**TASK TO COMPLETE**
All of the data must be printed exactly; please include every line.

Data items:
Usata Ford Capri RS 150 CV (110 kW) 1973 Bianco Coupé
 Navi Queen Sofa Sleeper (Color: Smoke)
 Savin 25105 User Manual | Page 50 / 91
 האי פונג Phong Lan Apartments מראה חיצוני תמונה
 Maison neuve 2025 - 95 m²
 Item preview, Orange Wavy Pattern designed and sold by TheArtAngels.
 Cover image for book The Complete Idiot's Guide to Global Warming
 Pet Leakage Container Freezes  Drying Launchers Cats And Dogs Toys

**OUTPUT BELOW**
Usata Ford Capri RS 150 CV (110 kW) 1973 Bianco Coupé
 Navi Queen Sofa Sleeper (Color: Smoke)
 Savin 25105 User Manual | Page 50 / 91
 האי פונג Phong Lan Apartments מראה חיצוני תמונה
 Maison neuve 2025 - 95 m²
 Item preview, Orange Wavy Pattern designed and sold by TheArtAngels.
 Cover image for book The Complete Idiot's Guide to Global Warming
 Pet Leakage Container Freezes  Drying Launchers Cats And Dogs Toys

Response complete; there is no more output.